C’est dans une de ces promenades nocturnes que l’Empereur disait qu’il avait été fort occupé dans sa vie de deux femmes très différentes : l’une était l’art et les grâces ; l’autre l’innocence et la simple nature : et chacune, observait-il, avait bien son prix.

Dans aucun moment de la vie la première n’avait de positions ou d’altitudes qui ne fussent agréables ou séduisantes ; il eût été impossible de lui surprendre ou d’en éprouver jamais aucun inconvénient ; tout ce que l’art peut imaginer en faveur des attraits était employé par elle, mais avec un tel mystère qu’on n’en apercevait jamais rien. L’autre, au contraire, ne soupçonnait même pas qu’il pût y avoir rien à gagner dans d’innocents artifices. L’une était toujours à côté de la vérité, son premier mouvement était la négative ; la seconde ignorait la dissimulation, tout détour lui était étranger. La première ne demandait jamais rien à son mari, mais elle devait partout ; la seconde n’hésitait pas à demander quand elle n’avait plus, ce qui était fort rare : elle n’aurait pas cru pouvoir jamais rien prendre sans payer aussitôt. Du reste, toutes les deux étaient bonnes, douces, fort attachées à leur mari. Mais on les a déjà devinées sans doute, et quiconque les a vues reconnaît les deux impératrices.

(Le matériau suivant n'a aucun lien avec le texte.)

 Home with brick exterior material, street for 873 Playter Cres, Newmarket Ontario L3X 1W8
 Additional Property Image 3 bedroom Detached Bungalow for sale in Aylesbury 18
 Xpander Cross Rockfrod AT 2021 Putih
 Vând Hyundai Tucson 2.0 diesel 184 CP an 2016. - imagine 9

L’Empereur disait qu’il les avait constamment trouvées de l’humeur la plus égale, et d’une complaisance absolue.

Le mariage de Marie-Louise s’accomplit à Compiègne, immédiatement après son arrivée. L’Empereur, déroutant toute l’étiquette convenue, alla au-devant d’elle, et monta déguisé dans sa voiture. Elle fut agréablement surprise quand elle vint à le connaître ; on lui avait toujours dit que Berthier, qui était venu l’épouser par procuration à Vienne, était, pour la figure et l’âge, l’exacte ressemblance de l’Empereur : elle laissa échapper qu’elle y trouvait une heureuse différence.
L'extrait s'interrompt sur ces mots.